■ Material supplied ■
-=-=-=-=-

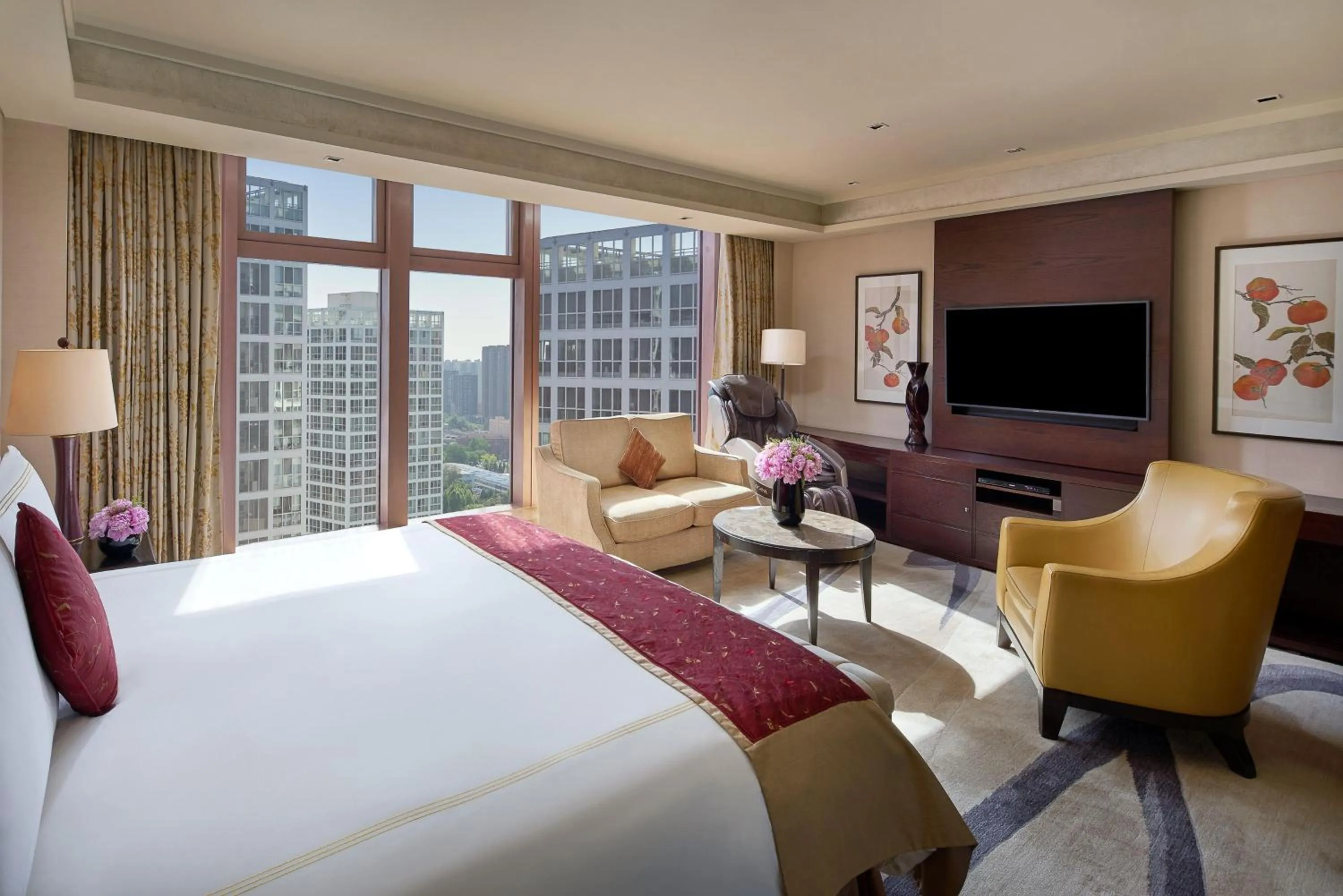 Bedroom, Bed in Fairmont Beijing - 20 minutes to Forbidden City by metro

-=-=-=-=-

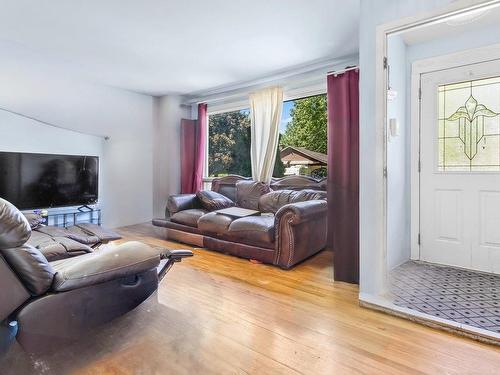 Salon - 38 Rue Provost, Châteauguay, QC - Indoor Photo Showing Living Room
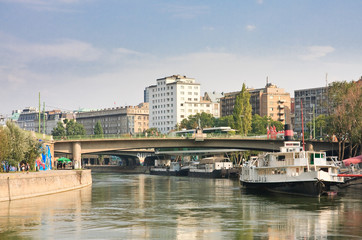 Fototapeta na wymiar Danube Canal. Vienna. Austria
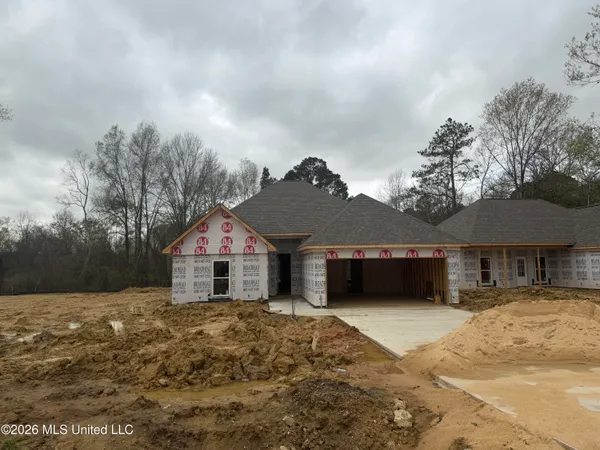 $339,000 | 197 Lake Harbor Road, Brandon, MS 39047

-=-=-=-=-

■ Your objective ■
In the data above, find the line containing "Salon - 38 Rue" and the line containing "Brandon, MS 39047". Copy exactly the stretch from the first through the second, both included, leaving out any picture.

■ Solution to this task ■
 Salon - 38 Rue Provost, Châteauguay, QC - Indoor Photo Showing Living Room
 Fototapeta na wymiar Danube Canal. Vienna. Austria
 $339,000 | 197 Lake Harbor Road, Brandon, MS 39047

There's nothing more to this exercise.